Hey all,
I've posted a few other threads and all the help has been so helpful... I have another assignment and I need some more help.
For 9, I'm thinking that I should use a for loop and just do i-- for each time it runs through? After that just multiply the values together each time through the loop? To display the probability that no two n have the same birthday, does that mean that it's just displaying the multiplied numbers? Or does that mean I have to display all the different probabilities between each person... (assuming more than 2 people are entered).
For 10, I have no idea how to even get started... I'm assuming I have to define what probability each n value is?
Sorry I'm just a beginner ha I'm trying I promise.
9.
For this problem, pretend that every year has only 365 days in it, and that nobody’s birthday is February 29. Assume further that two people have the same birthday if they become a year older on the same day every year. Thus, if two people were born on December 5, but in different years, they still have the same birthday.

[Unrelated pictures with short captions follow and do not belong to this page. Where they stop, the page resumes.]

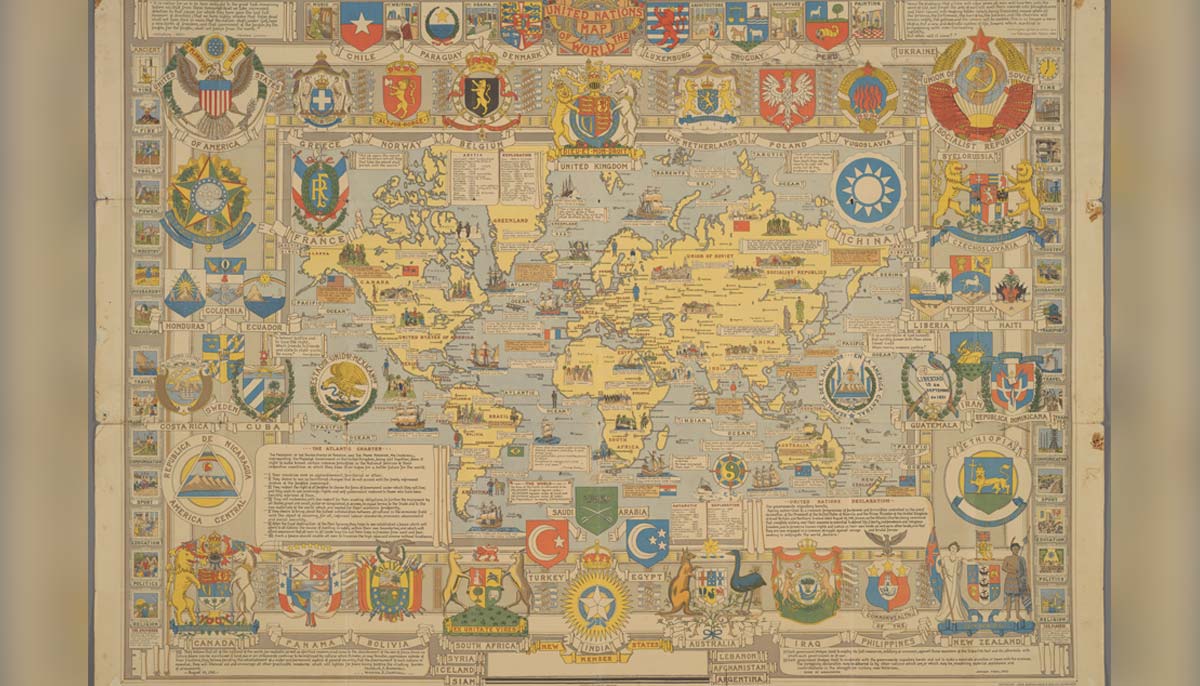 United Nations Map of the World. — Division of Rare and Manuscript Collections, Cornell University Library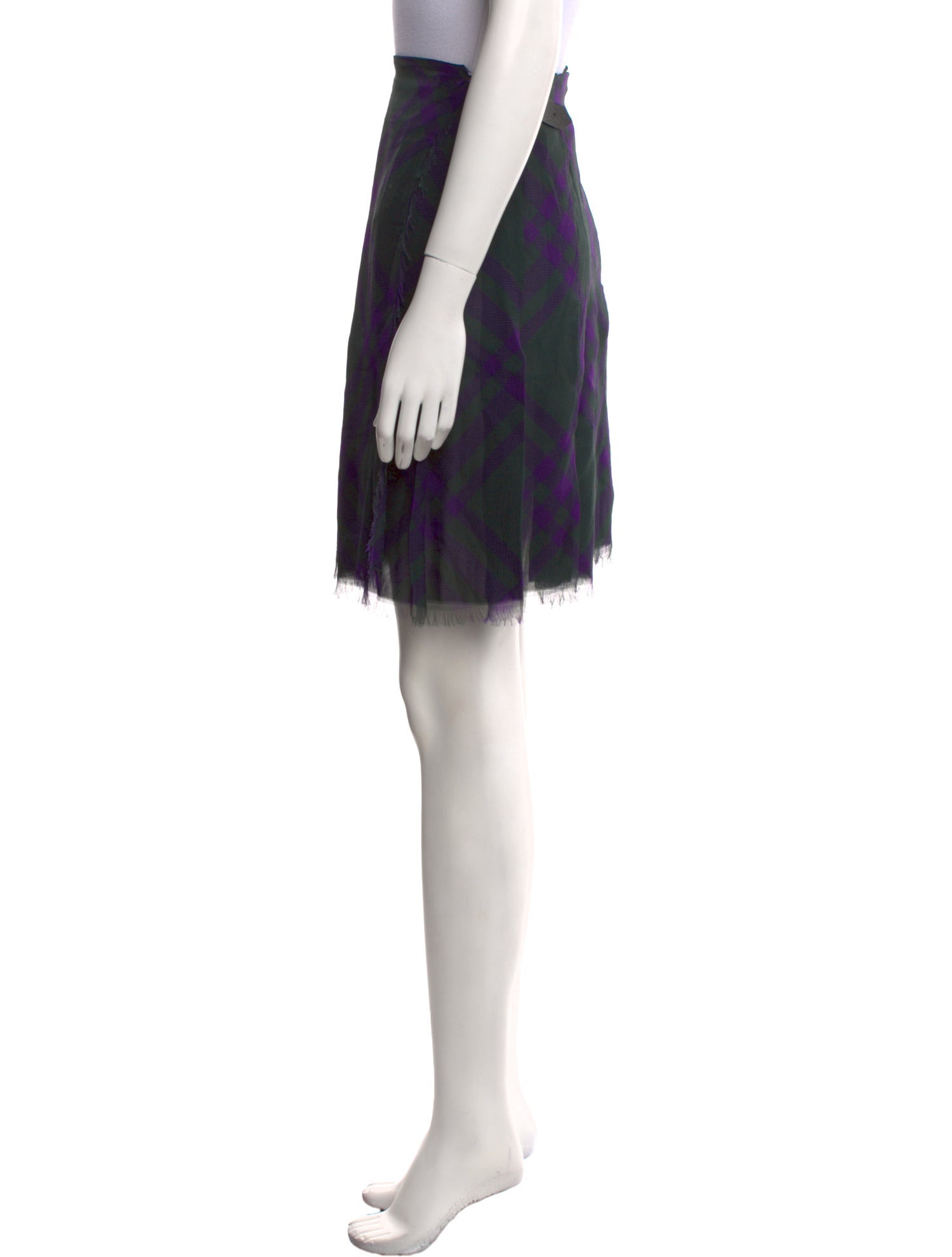 Burberry Silk Knee-Length Skirt w/ Tags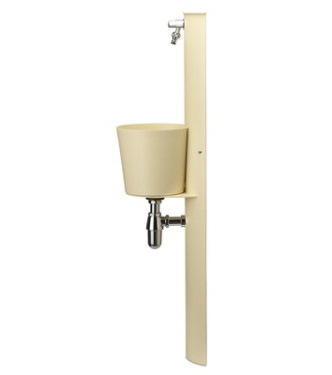 WALL-MOUNTED FOUNTAIN WITH IVORY CONNECTIONS - BELFER 42/PRT.4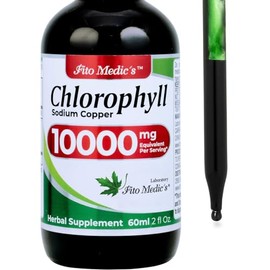 FITO MEDIC'S Lab | Liquid Chlorophyll | Chlorophyll Liquid Drops | 50 mg 200:1 Ratio Extract per Serving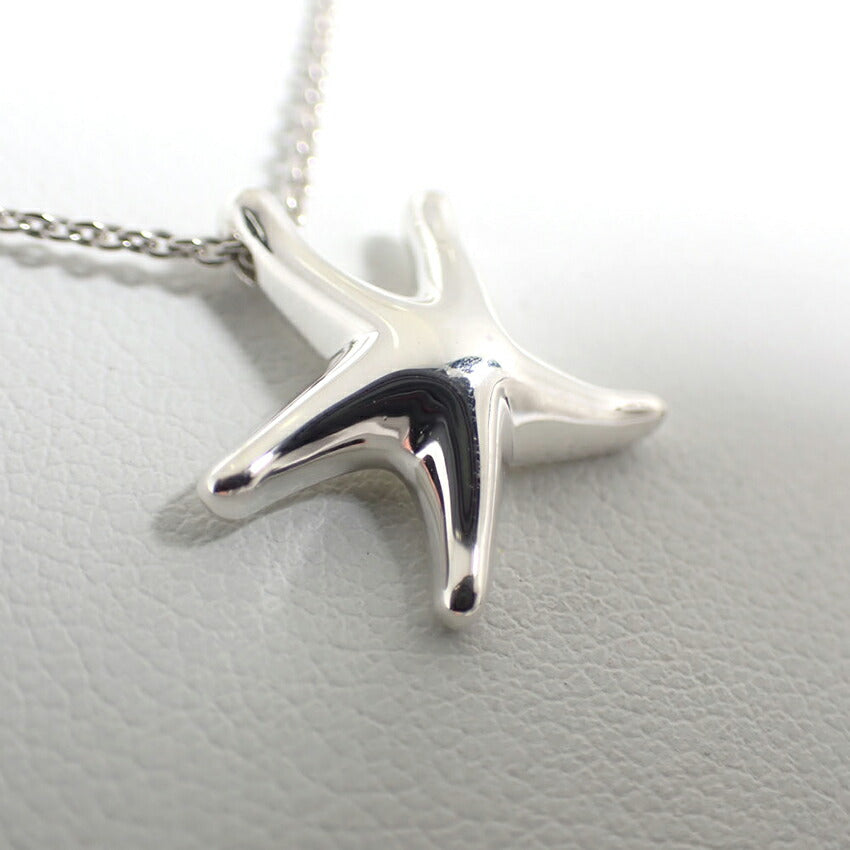 【中古】TIFFANY/ティファニー 925 スターフィッシュ ペンダント/ネックレス/j180-8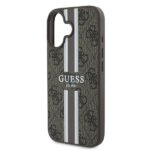 Guess GUHMP16MP4RPSW iPhone 16 Plus 6.7" brown hardcase 4G Printed Stripes MagSafe - imagine 6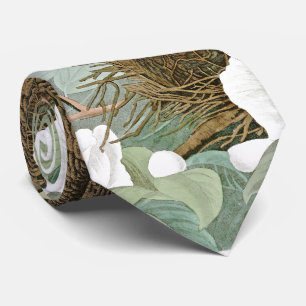 Trauer-Tauben-Vögel-Blumen-Audubon-Wildlife-Schlip Krawatte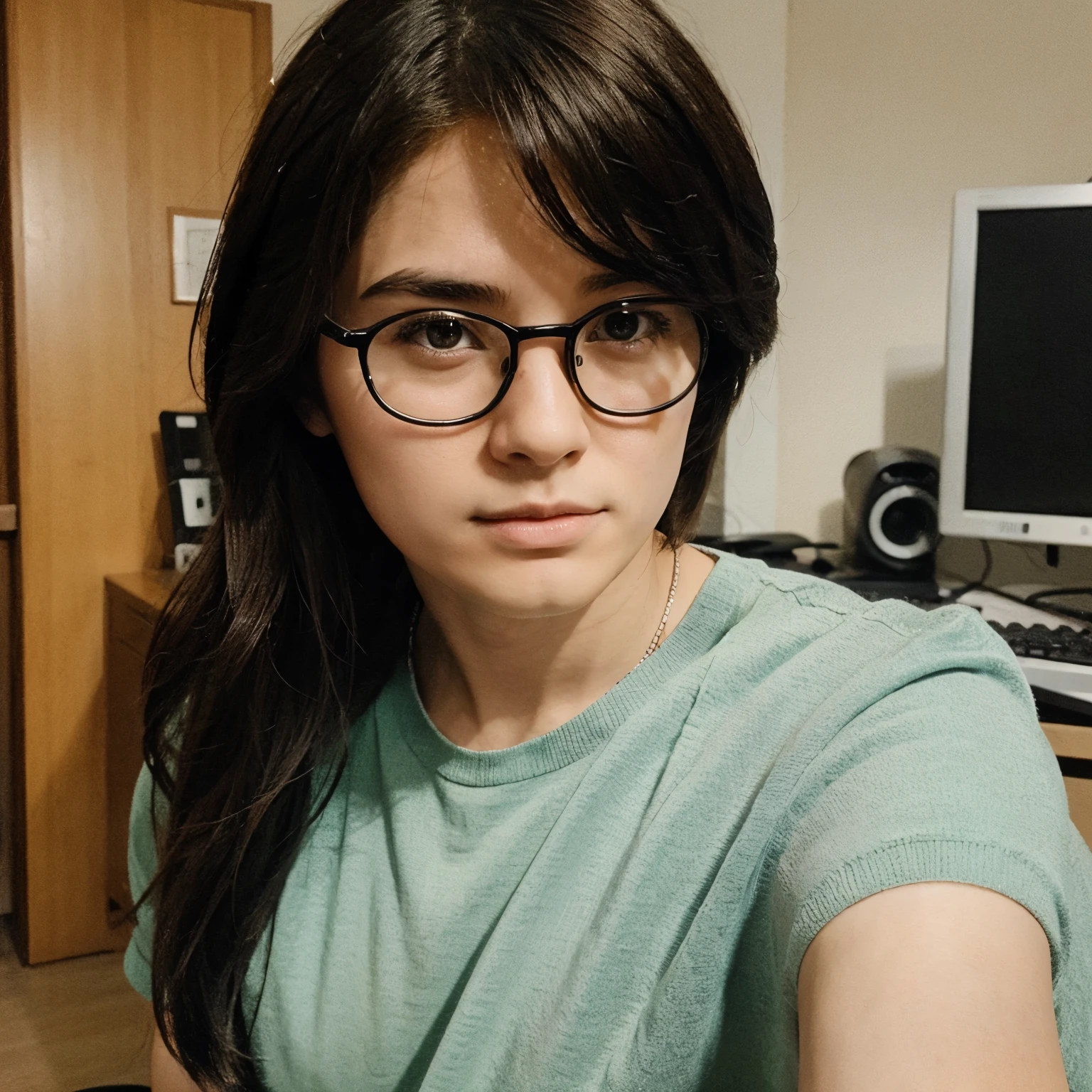 Man in studio_ghibli_anime_style style with glasses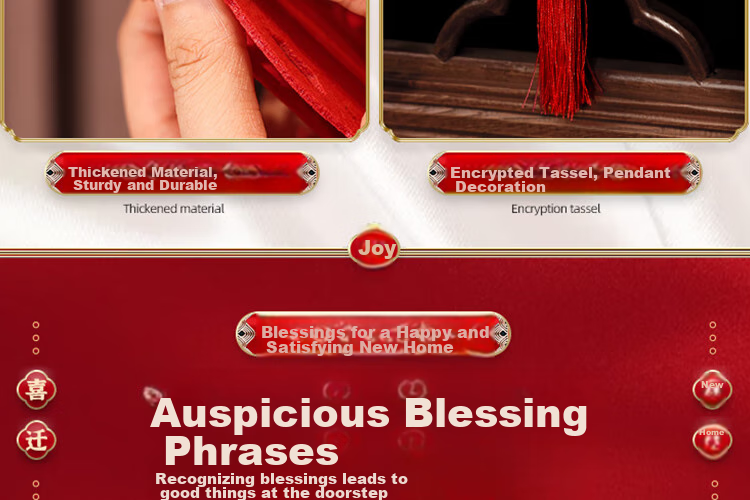 Ounizi Housewarming Red Envelopes, Moving Celebration Ceremony Decorations, Essential Housewarming Set of 10 Pieces 15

Probabilities are decimal numbers between 0 and 1, inclusive. The probability that two people selected at random have different birthdays is 364/365, since the second person has 364 birthday possibilities that are different from that of the first person. If we add a third person, we can figure the probability that none of the three have a common birthday by computing the probability that the third person’s birthday is different from those of the other two, and then multiplying this number by 364/365, which is the probability that the first two don’t share a birthday. The probability that the third has yet a different birthday from the other two is 363/365. The probability that none of the three share a birthday, then is 364/365 * 363/365. If we convert these fractions to decimals, we get:
364/365 = .9973
363/365 = .9945
364/365 * 363/365 = .9973 * .9945 = .9918
By adding people to the group we can continue to calculate the probability that none of them share a birthday by using the same approach. For example, suppose we have 7 people selected at random. Then the probability that none of them share a birthday is
364/365 * 363/365 * 362/365 * 361/365 * 360/365 * 359/365
In your program repeatedly prompt the user to enter a positive integer, n. Then calculate and display the probability that no two of n randomly selected people will have the same birthday.
10.
This problem is the same as problem 9, except you should prompt the user to enter a probability value d (a decimal between 0 and 1), and then your program should calculate n, the smallest number of people needed to make the probability less than d. For example, if they enter .993, then your program should calculate 3, since the probability that no two people in a group of three will have the same birthday is .9918, and this is less than .993. As another example, what is n if the user enters .1? You will probably be surprised at how small n is.